Saturday, August 18, 2007

Euro reverts to bouncing around deep within its trading range - dollar strengthens

For all of the turmoil in the mortgage securities markets and the minor financial crisis it caused these past two weeks and even despite the heightened expectation that the Fed would be cutting interest rates multiple times over the coming year, the dollar strengthened against the euro. Even with market expectations of a Fed rate cut no later than next month and a discount rate cut already in hand, the euro still wasn't able to convincingly break out of the $1.37 to $1.38 upper end of its $1.33 to $1.38 trading range, and in fact slumped back into the middle of the range. The euro is no longer poised as if it might break out, but could still recover over the next few weeks. September futures for the euro closed at $1.3488 on Friday, 2.28 cents below the prior Friday close of $1.3716.

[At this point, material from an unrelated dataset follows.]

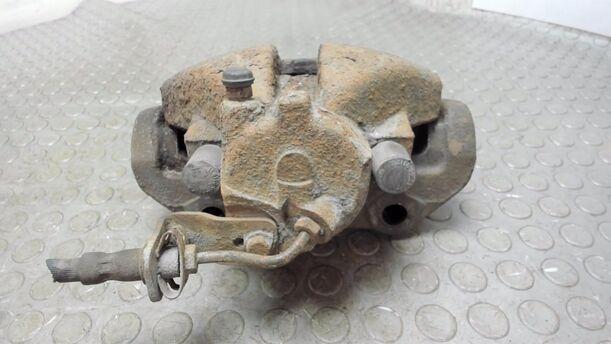Foto: BREMSSATTEL VORNE LINKS eines VW Multivan T4 Si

There are plenty of traders and speculators who would like to see the euro break $1.40, but whether there is really a net demand for the euro at these levels remains to be seen. I would give the euro bulls and dollar bears a couple of more weeks to see if the euro really wants to stay up at or above $1.37 and $1.38 before concluding that the euro is likely to weaken for the rest of the year.

Euro futures out at December 2008 were only at $1.3559 on Friday (compared to $1.3795 the previous Friday), so there isn't exactly a lot of "slam dunk" enthusiasm for betting on a $1.40 euro, so far.

For now, the euro remains in relatively uncharted territory. It is now mostly a question of the level of speculative money flows. With some people still misguidedly believing that Fed rate cuts are still likely in the Fall, the flows could be net-euro for some time to come. On the other hand, just a few good economic reports, persistently high energy prices, strong talk from the Fed about fighting inflation, and a hint of a Fed rate hike in the Fall, could quickly sap the staying power of all but the most diehard of over-extended speculators.

I wouldn't be surprised if speculators managed to keep the euro up in the $1.33 to $1.38 range as long as there is any superficially bad news or even mere anxiety to focus on, but it is just as likely that they will trade it back down under $1.30 as soon as they begin to deeply grasp the truth that the Fed is very unlikely to cut rates over the coming year.

In short, the dollar is not "plunging." [And I will continue to repeat this line until The New York Times admits that they were wrong for claiming that the dollar is "plunging."] It is certainly fun to chatter about how expensive things are for tourists in Europe, but there are other factors that are more significant as far as keeping prices high in Europe than the minor impact of foreign exchange rates.